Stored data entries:
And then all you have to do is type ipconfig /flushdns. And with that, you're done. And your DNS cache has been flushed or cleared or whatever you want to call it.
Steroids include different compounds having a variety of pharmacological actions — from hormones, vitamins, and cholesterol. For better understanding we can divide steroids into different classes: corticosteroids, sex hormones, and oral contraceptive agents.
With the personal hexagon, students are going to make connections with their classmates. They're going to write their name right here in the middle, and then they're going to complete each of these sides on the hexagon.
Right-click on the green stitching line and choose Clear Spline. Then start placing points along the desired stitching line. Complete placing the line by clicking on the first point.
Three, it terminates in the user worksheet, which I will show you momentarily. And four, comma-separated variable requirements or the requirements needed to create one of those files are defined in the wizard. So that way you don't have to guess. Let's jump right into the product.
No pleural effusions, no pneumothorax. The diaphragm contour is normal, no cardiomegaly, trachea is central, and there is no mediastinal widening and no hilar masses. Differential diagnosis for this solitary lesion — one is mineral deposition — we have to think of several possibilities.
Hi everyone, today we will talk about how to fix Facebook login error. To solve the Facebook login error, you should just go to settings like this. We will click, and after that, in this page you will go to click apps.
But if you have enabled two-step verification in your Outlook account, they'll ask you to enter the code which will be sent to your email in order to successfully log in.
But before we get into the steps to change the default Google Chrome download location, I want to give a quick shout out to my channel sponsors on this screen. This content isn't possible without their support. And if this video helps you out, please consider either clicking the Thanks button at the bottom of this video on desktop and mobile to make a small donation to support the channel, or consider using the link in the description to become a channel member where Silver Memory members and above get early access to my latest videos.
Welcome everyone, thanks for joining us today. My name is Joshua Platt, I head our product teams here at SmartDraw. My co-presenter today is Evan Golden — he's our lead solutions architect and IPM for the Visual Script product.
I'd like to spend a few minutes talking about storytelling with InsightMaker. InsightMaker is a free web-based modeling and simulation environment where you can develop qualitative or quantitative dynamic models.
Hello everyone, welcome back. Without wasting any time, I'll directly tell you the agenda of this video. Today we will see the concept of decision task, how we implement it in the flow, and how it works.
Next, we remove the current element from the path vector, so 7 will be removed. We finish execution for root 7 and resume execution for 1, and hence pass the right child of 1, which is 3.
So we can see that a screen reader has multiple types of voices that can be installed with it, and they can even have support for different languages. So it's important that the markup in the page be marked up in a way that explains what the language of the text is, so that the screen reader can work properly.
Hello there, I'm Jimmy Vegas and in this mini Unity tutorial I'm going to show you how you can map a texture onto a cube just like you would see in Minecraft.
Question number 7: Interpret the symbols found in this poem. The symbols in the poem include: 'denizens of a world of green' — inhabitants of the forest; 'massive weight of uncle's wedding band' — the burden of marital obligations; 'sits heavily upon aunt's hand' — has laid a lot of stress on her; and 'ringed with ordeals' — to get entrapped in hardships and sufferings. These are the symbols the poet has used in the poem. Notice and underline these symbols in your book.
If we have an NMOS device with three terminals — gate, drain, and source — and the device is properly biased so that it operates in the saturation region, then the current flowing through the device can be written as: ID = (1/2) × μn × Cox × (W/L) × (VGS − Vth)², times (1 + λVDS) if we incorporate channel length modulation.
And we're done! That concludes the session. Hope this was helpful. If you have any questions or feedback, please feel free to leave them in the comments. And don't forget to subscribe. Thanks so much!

• PROBLEM TO WORK ON
Search the data for "about" and list every line in which it occurs.

• REPLY TO THE TASK
Hi everyone, today we will talk about how to fix Facebook login error. To solve the Facebook login error, you should just go to settings like this. We will click, and after that, in this page you will go to click apps.
I'd like to spend a few minutes talking about storytelling with InsightMaker. InsightMaker is a free web-based modeling and simulation environment where you can develop qualitative or quantitative dynamic models.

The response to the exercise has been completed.